Technical Tuesday – Looking for Earnings to Get the Indexes Back on Track


Bounce Lines April  22  2024.jpgNot much of a recovery so far.

As you can see from our 5% Rule™ Chart, we haven’t even yet cleared the weak bounce lines on the indexes and, this morning, the Futures have us at Dow 38,338 (still not there), S&P 5,026, Nasdaq 17,274 (just short), Russell 1,970 (just short) and NYSE 17,664. So no green boxes added means there’s nothing to get excited about and, the longer it takes to get to a strong bounce, the less likely it is you’ll get a V-shaped recovery, right? 

We spent 5 days dropping so, by definition, a V-shaped recovery should take 5 days. That means that, each day, we should be gaining a green box to get back to the high.  Failing to make our strong bounces is a sign that we’re consolidating for a move down – not recovering.  

We’re expecting the strong bounce lines to fail this week – probably on some disappointing earnings news and then we should test the 4,800 line (down 5% from here) next week and the 50 dma is at 4,633 which is 400 points below where we are now so it’s rising at (400/50 =) 8 points per day and it will take 20 days for the 50-day moving average to hit the 4,800 line and strengthen it’s support so, the faster we hit 4,800 – the less likely it is to hold.  

See how easy charts are to understand? You don’t need to wait for them to be drawn and have “analysts” interpret the pretty pictures – you can use MATH to calculate the future shape of the chart and that will tell you where all the TA followers (pretty much everybody) will be throwing their money – then you just catch it!  

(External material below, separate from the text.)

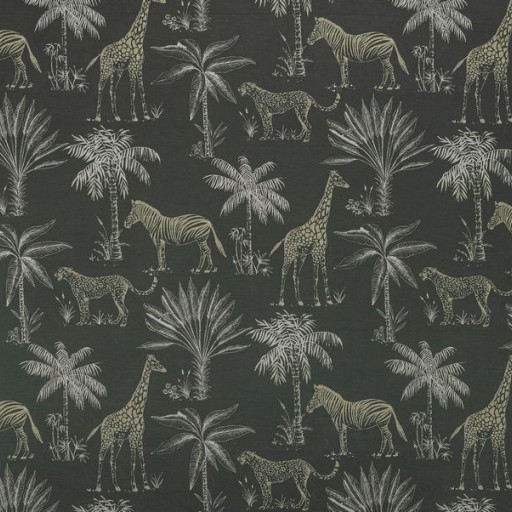 Ткань Ashley Wilde fabric Safari-Slate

Speaking of catching it – poor Cathie Wood, whose ARK ETFs are heavy tech investors, has had $2.2 BILLION worth of withdrawals this year and that’s 30% of their total! It’s notable because those withdrawals force ARK to liquidate their tech holdings – causing more downward pressure which then hurts the performance of the fund and leads to more withdrawals.  This is the danger of concentrated investment ETFs!  

By the end of last year, ARK funds had destroyed more wealth than any other asset manager over the previous decade, losing investors a collective $14.3 billion, according to Morningstar. ARK’s biggest inflows came in the months surrounding the innovation fund’s February 2021 peak, unfortunate timing for many investors.” – Wall Stret Jounal

And that net $2.2Bn would be double that if ARK hadn’t added a Crypto Fund this year for BitCoin, which was bought at the top and is also now sinking.  Why? Because the ETFs take in money and buy the Bitcoins, which drives up the price and, once the frenzy plays out, Bitcoin begins to sink and people leave the ETF – forcing them to sell Bitcoins, putting more pressure on the price and further damaging the people who remain in the fund – it’s lunacy!  

Speaking of lunacy – earnings reports for the week are providing a mixed picture of the overall market. While individual companies and sectors showed both positive and negative trends, some broader themes are emerging in week two:

  • Inflation and Rising Costs: Many companies, particularly those in manufacturing or reliant on commodities (Nucor, Packaging Corp) indicated the impact of inflation and supply chain pressures on costs. This trend seems likely to continue in the near term.
  • Tech Disappointments: Several major tech companies delivered underwhelming earnings, often including revenue misses or lowered guidance (Cadence, Meta, Alphabet). This reflects ongoing economic headwinds and a potential slowdown in digital investments.
  • Earnings Surprises: Despite some concerns, the week brought a number of significant earnings surprises. Banks, aerospace (General Electric), and healthcare (Medpace) showed stronger-than-expected results, highlighting the resilience of specific sectors.
  • Earnings Highlight Diverse Impacts: While there are overarching trends, earnings reports continue to show how different sectors of the economy are being impacted very differently. Consumer-facing companies might see mixed spending habits (positive for discounters like Albertsons, less so for some discretionary goods), while industrial sectors feel the squeeze on margins.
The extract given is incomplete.